Chapter 3. Recommender Systems

This chapter shows some popular recommendation techniques. In addition, we will implement some of them in R.

We will deal with the following techniques:

  • Collaborative filtering: This is the branch of techniques that we will explore in detail. The algorithms are based on information about similar users or similar items. The two sub-branches are as follows:
    • Item-based collaborative filtering: This recommends to a user the items that are most similar to the user's purchases
    • User-based collaborative filtering: This recommends to a user the items that are the most preferred by similar users
  • Content-based filtering: This is for each user; it defines a user profile and identify the items that match it.
  • Hybrid filtering: This combines different techniques.
  • Knowledge-based filtering: This is uses explicit knowledge about users and items.

R package for recommendation – recommenderlab

In this chapter, we will build recommender systems using recommenderlab, which is an R package for collaborative filtering. This section will present a quick overview of this package. First, let's install it, if we haven't done so already:

if(!"recommenderlab" %in% rownames(installed.packages())){install.packages("recommenderlab")}

Now, we can load the package. Then, using the help function, we can take a look at its documentation:

library("recommenderlab")
help(package = "recommenderlab")

When we run the preceding command in RStudio, a help file containing some links and a list of functions will open.

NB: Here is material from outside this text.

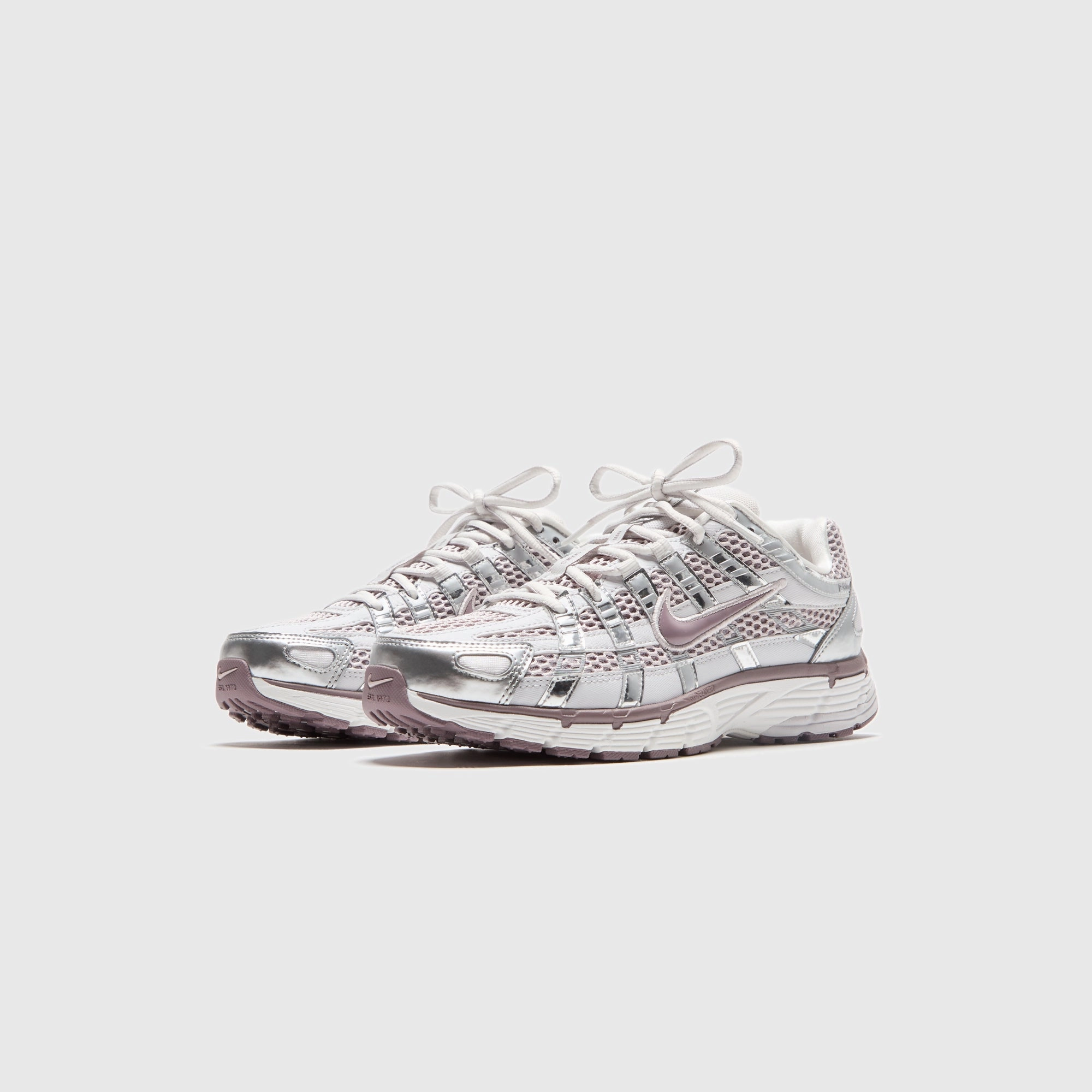 Nike WMNS P-6000 - Platinum Violet / Vast Grey / Summit White / Taupe Grey Nike performance sneakers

The examples that you will see in this chapter contain some random components. In order to be able to reproduce the code obtaining the same output, we need to run this line:

set.seed(1)

We are now ready to start exploring recommenderlab.

Datasets

Like many other R packages, recommenderlab contains some datasets that can be used to play around with the functions:

data_package <- data(package = "recommenderlab")
data_package$results[, "Item"]

Jester5k, MSWeb, and MovieLense

In our examples, we will use the MovieLense dataset; the data is about movies. The table contains the ratings that the users give to movies. Let's load the data and take a look at it:

data(MovieLense)
MovieLense
## 943 x 1664 rating matrix of class 'realRatingMatrix' with 99392 ratings.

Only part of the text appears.